Start your mauls from a lineout with a strong take from the lineout catcher. It is all part of the lion’s ROAR and creates great go forward. MORE
Options from front ball
It’s easy to think that lineout front ball is only for a catch-and-drive to clear your lines, or to attack their try line from 5m. Yet, it can be used for off-the-top and front peels. But make sure you have the basics in place first.
OFF THE TOP FROM THE FRONT
Front ball or throwing to the number two jumper at the lineout is sometimes seen as a safe ball but not the best option when passing the ball out to the backs. The 9 has to pass further and opposition players at the back of lineout are inevitably closer to your 10 than if it was middle or back ball.
But that needs to be weighed up with the fact that front ball is easier to win than middle or back ball. How can you balance this risk and reward?
FRONT FOR THE BACKS
There are two ways you can make front ball into the sort of the ball the backs want:
- The 9 needs to take the ball 8-10m in from the touchline, approximately opposite the fourth or fifth player in the lineout. They have to take it so their momentum is towards the intended pass, which is your 10.

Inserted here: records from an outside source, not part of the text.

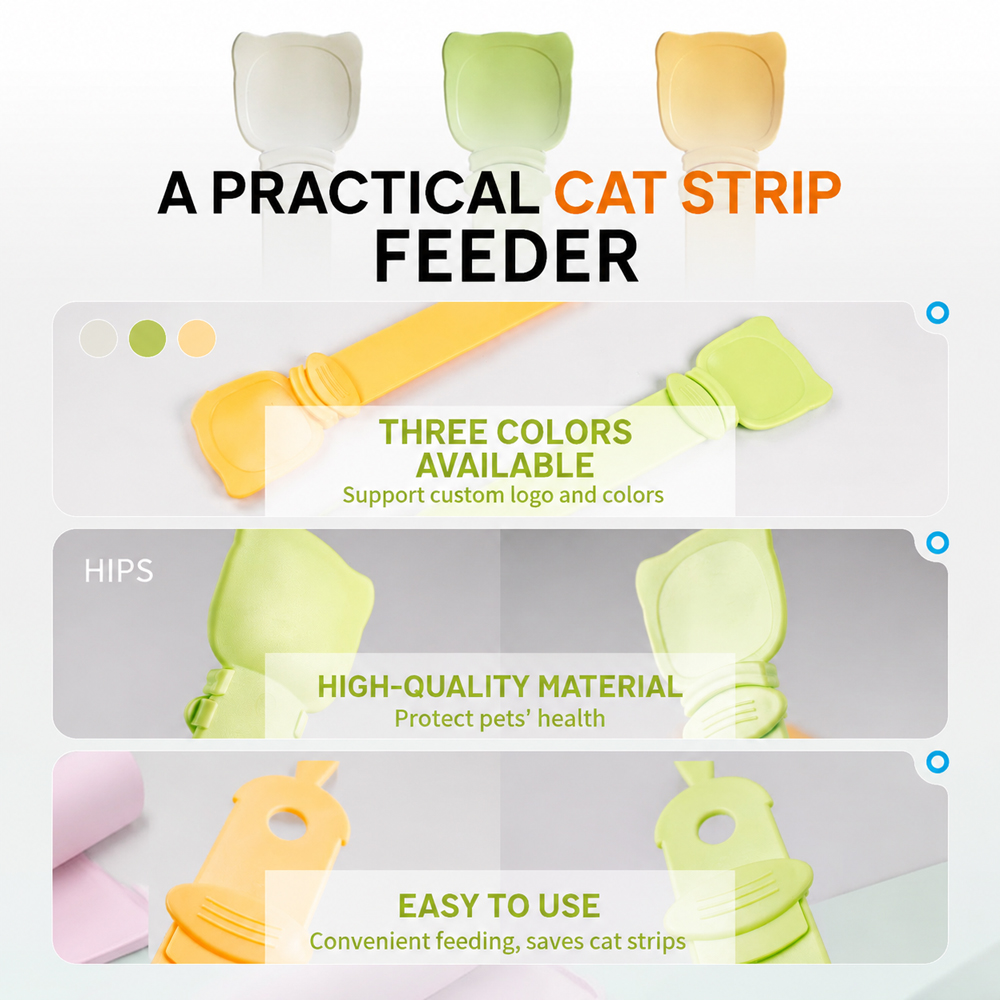 1/3PCS Cat Treat Feeder Spoon  - Food Snacks Easy review and price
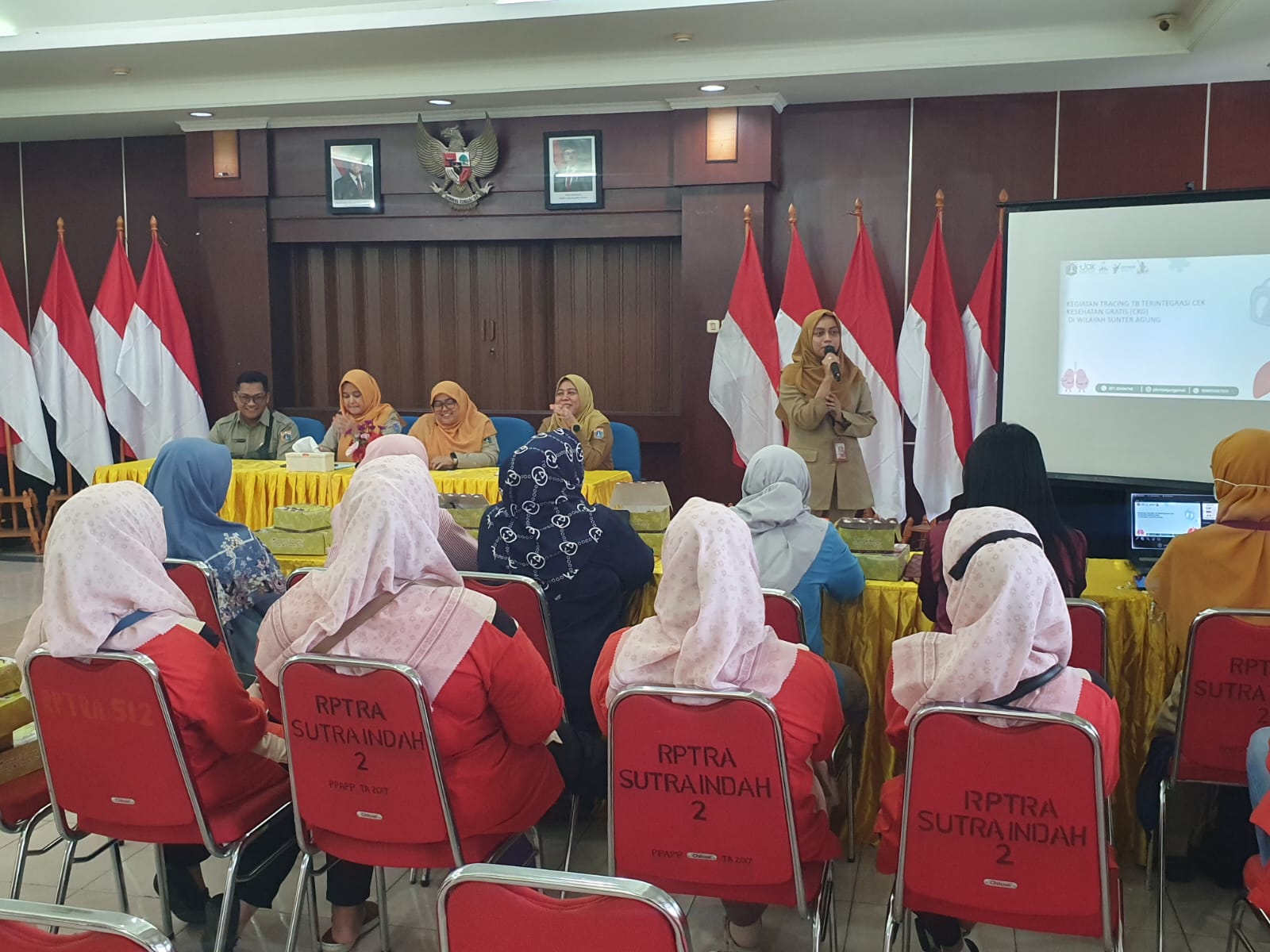 Edukasi Kader TB Kegiatan PKK Tingkat Kelurahan Lainnya Melalui DAU Tahap I 1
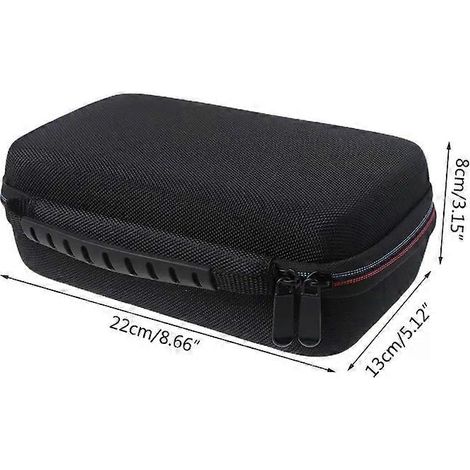 Harte, stoßfeste Multimeter-Tasche aus EVA für Fluke 101/115/116/117/113/114/F15B+ (1/4)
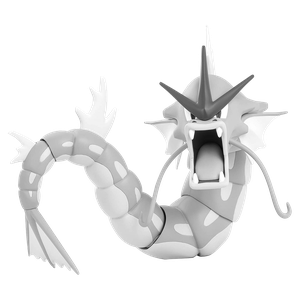 [Pokémon: Legendary Figure: Gyarados (Product Image)]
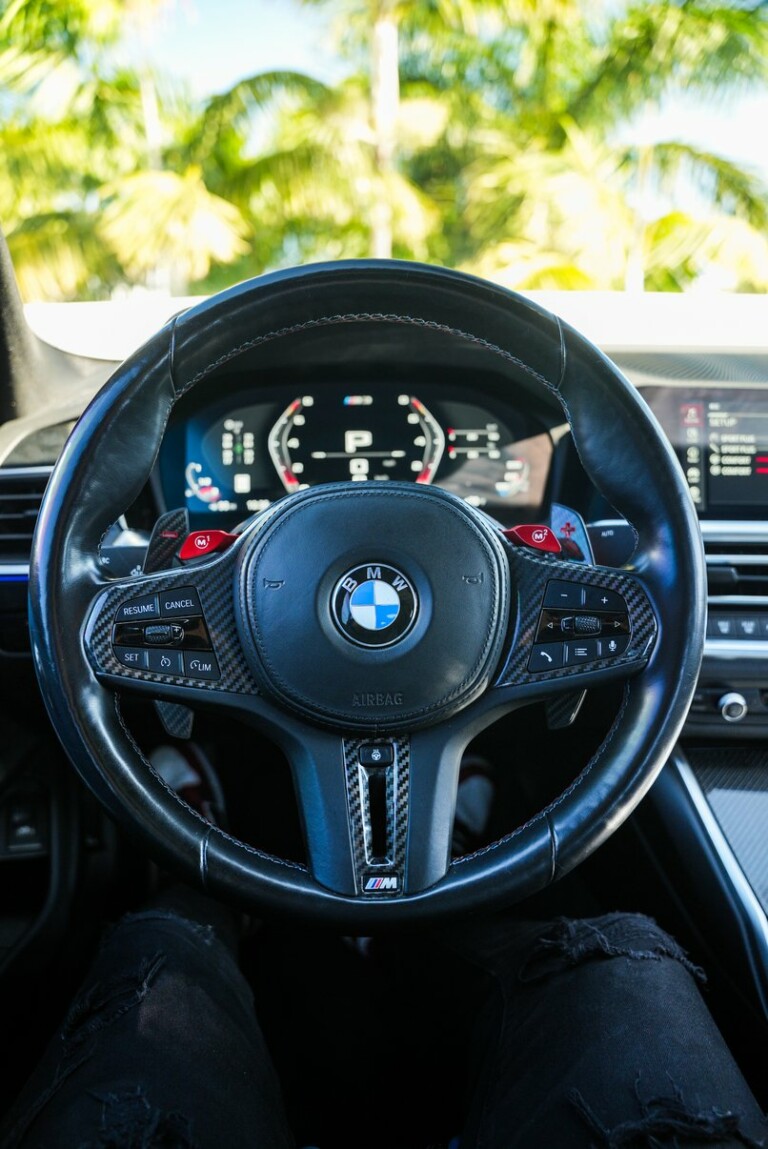 BMW M M3 rental Miami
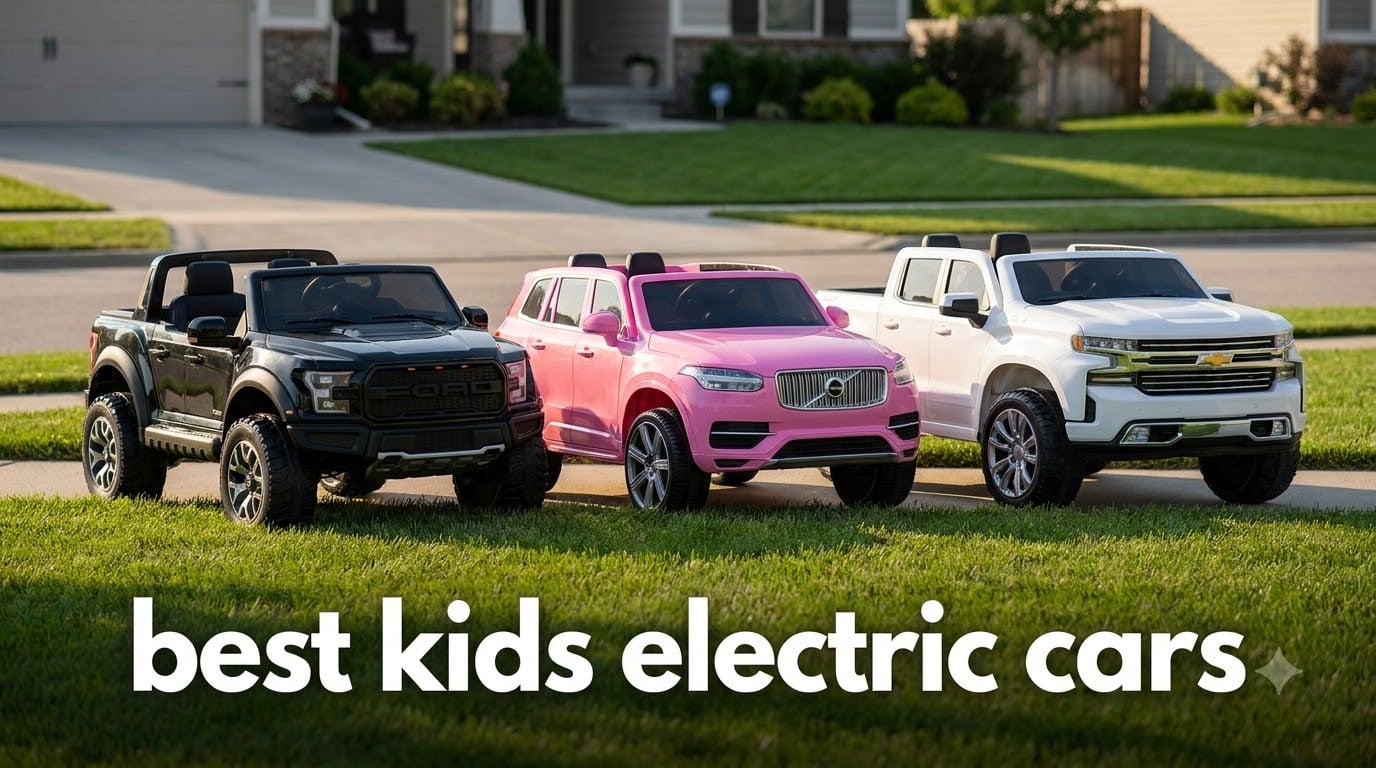 best kids electric cars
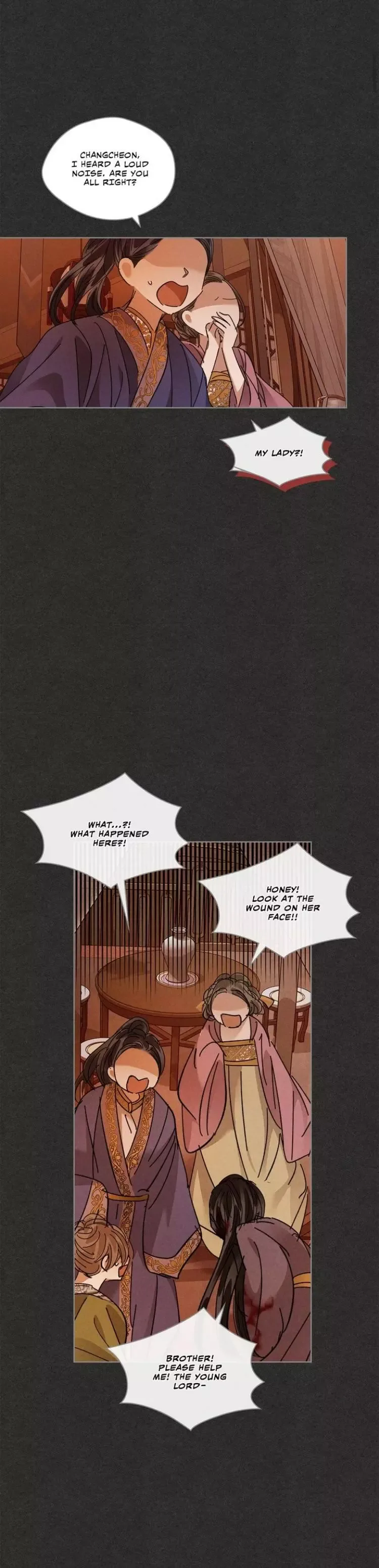Where the Dragon's Rain Falls Chapter 150 page 4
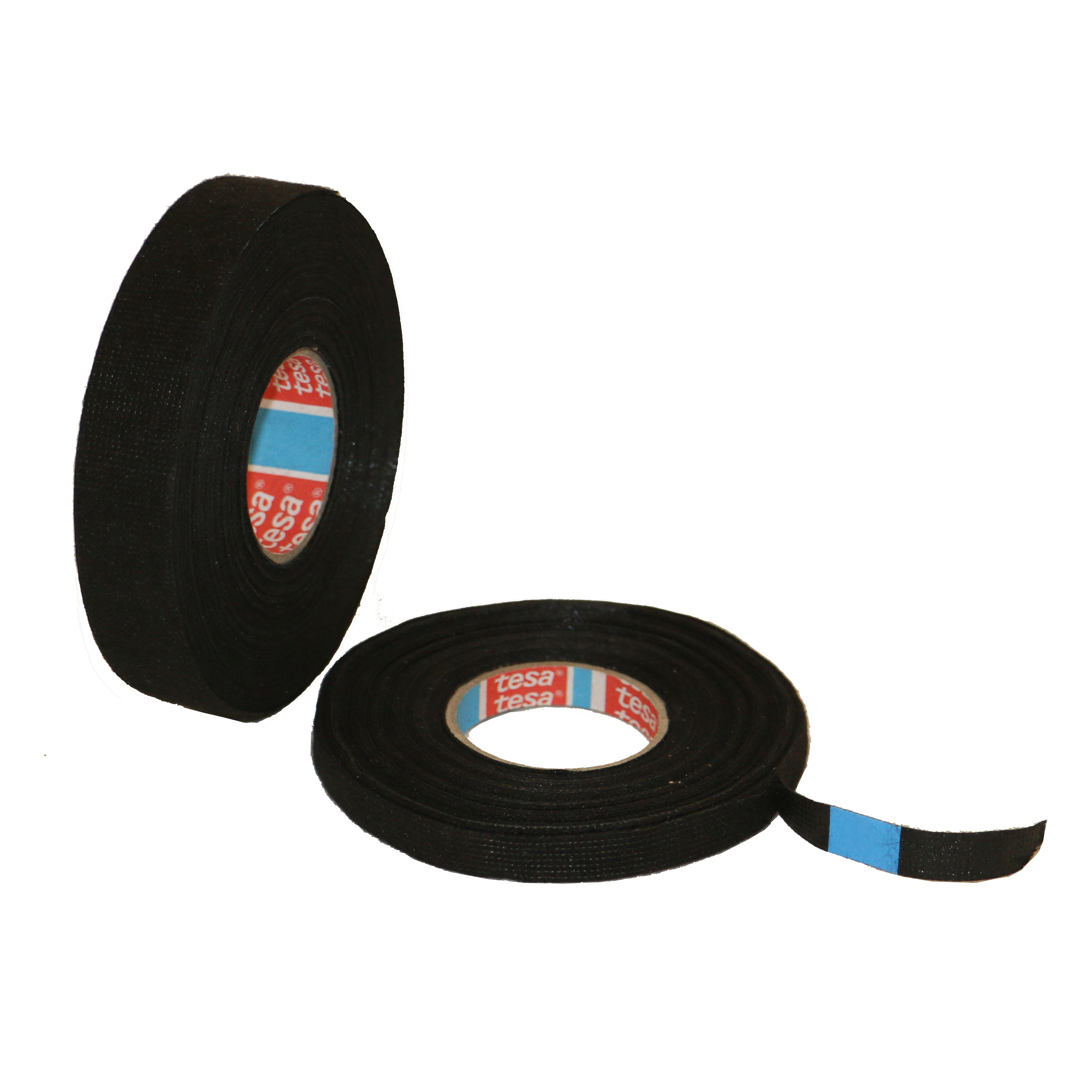Car Tesa 51608 Cloth Tape Gadget Felt Tool Harness Sound Insulation 15m Used 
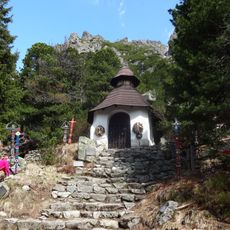 Symbolic Cemetery at Popradské Pleso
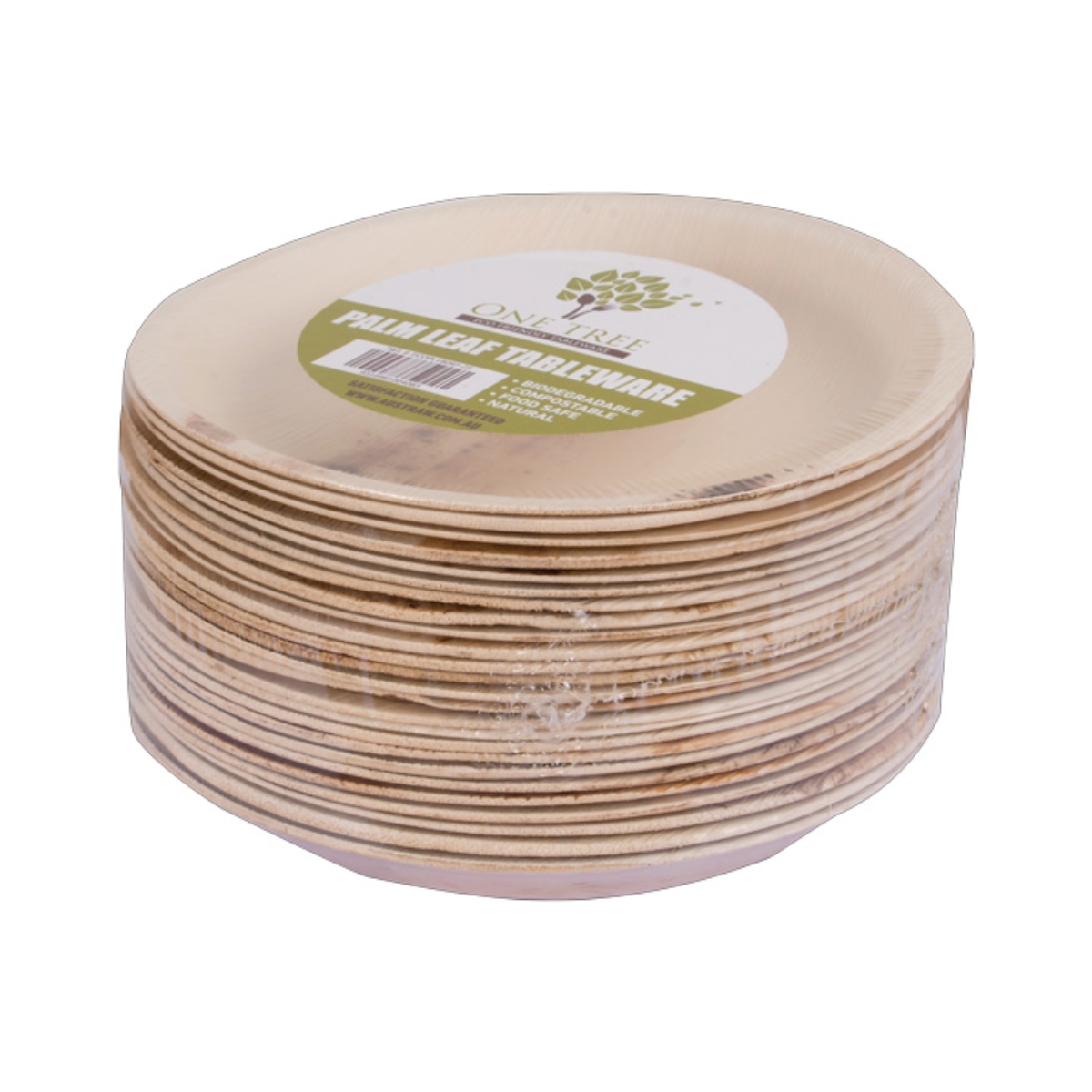 Bio Plates, Round, 180mm, 25 pack – Fletchers Supplies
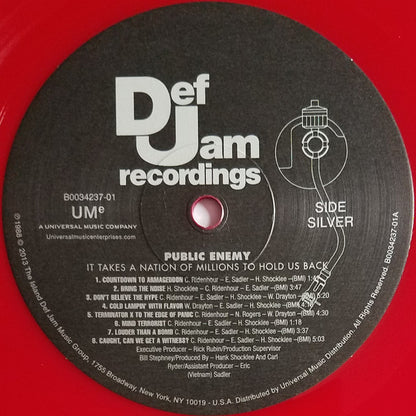 It Takes A Nation Of Millions To Hold Us Back - secondary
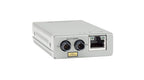 Allied Telesis AT-MMC200LX/ST-960 network media converter 100 Mbit/s Single-mode Grey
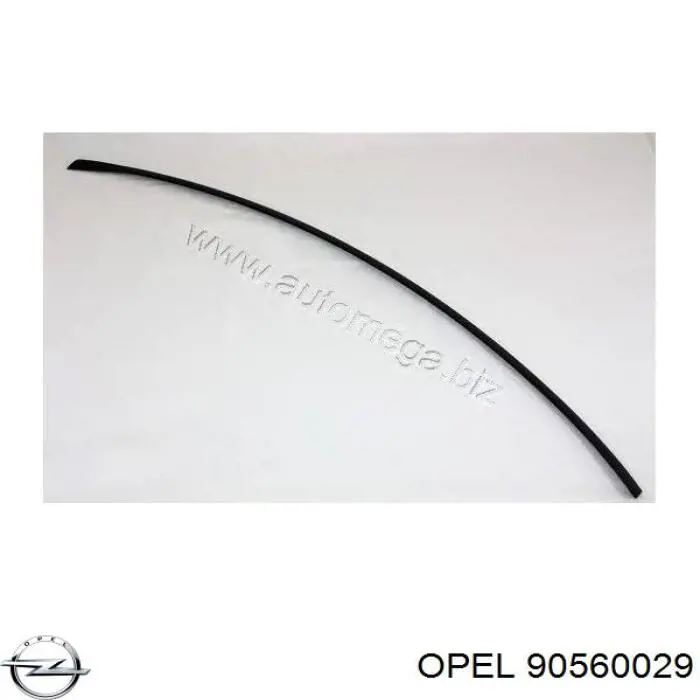 Moldura inferior de pára-brisas Opel 90560029 preço, a partir de 30,22 USD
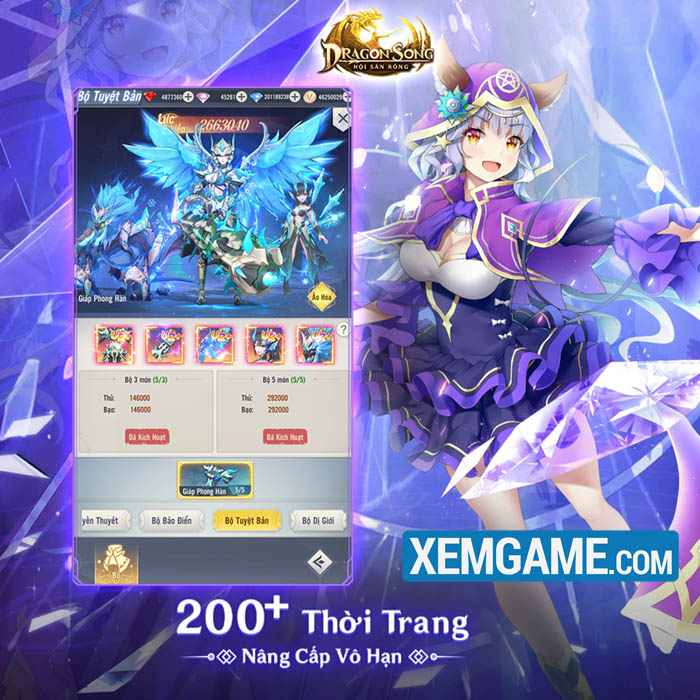 dragon-song-funtap-4 Hòa mình vào cuộc phiêu lưu “triệu người” cùng Dragon Song trong tháng 12 dragon song funtap 4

- It is the lineout jumper’s responsibility at 2 to deliver the ball accurately to the 9. To achieve this they have to twist in the air once they have received the ball and then drop it into the path of the 9.
- Work on the first jumper twisting by themselves.
- Starting on their knees, they kneel square to the thrower.
- The thrower, who’s also on their knees, throws in.
- The jumper takes the ball above their head, twists their torso and shoulders to deliver the ball with one hand as far “back”” as they can.
- This can be progressed to standing and then working in a pod with their lifters.
- Finally, it is done under pressure from the opposition.
Aim to get the process sharp, with an accurate throw to the jumper, then an accurate hard and flat delivery to the halfback. They, or the 10, does not want the ball looped back because they will be pressured by opposition forwards coming through the line.
This sort of work does not always come to fruition straight away. The players need to be comfortable with the processes involved and it takes plenty of repetition to gain the sort of sharpness we want.